# 300-6 starting issues/engine wiring diagram needed



## wahlturfcare (Nov 1, 2011)

i recently has to replace my rebuilt starter as it was sticking on alot on my asplundh whisper chipper and still somewhat does. I also replaced the fender starter relay and key switch but can only get the motor to pop and cough when trying to start. I checked and I am getting fuel but couldn't get the dist. coil plug wire to arc when i was cranking it.
I dod have power going to the coil and dist.(has a newer pickup coil). Could the coil or modulator gone bad?

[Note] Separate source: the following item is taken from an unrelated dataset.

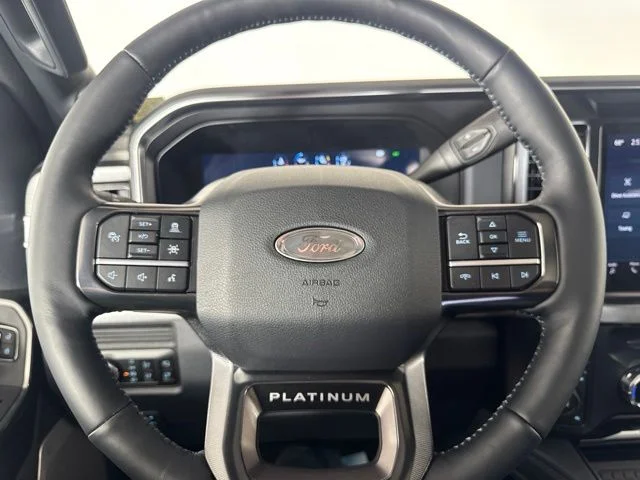 New 2026 Carbonized Gray Metallic Ford Platinum image 18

Also, does anyone have a engine wiring diagram for the chipper(it is a '98 12'' model)?


----------



## BDChainsaw (Nov 16, 2011)

*Trying to help*

I have a 1982 Mitts & Merrill with a Ford 300 in line 6 motor. Although not identical you could be having the same trouble we did. there is a porcilin block called a ballast resistor on most ignitions of this era. Has something to do with dropping current to 6 volts for ignition system 12 volts only works starter and lights. Keeps points from melting together (to my knowledge all points systems are 6 volt design) if so equiped. If your motor sounds like it wants to start when your just letting go of the key I bet thats your problem. Even guys that think they don't have one do they put them inside the coils on some engines. That means you have to replace a $20 coil because a $5 ballast crapped out. For your wiring diagram get and older Ford truck Haynes or Chiltons manual pre fuel injection. Same stuff different rapper, yeah your chipper doesn't have AC or 6 disk changer so forget that stuff and you've got your schematic. Good luck.


----------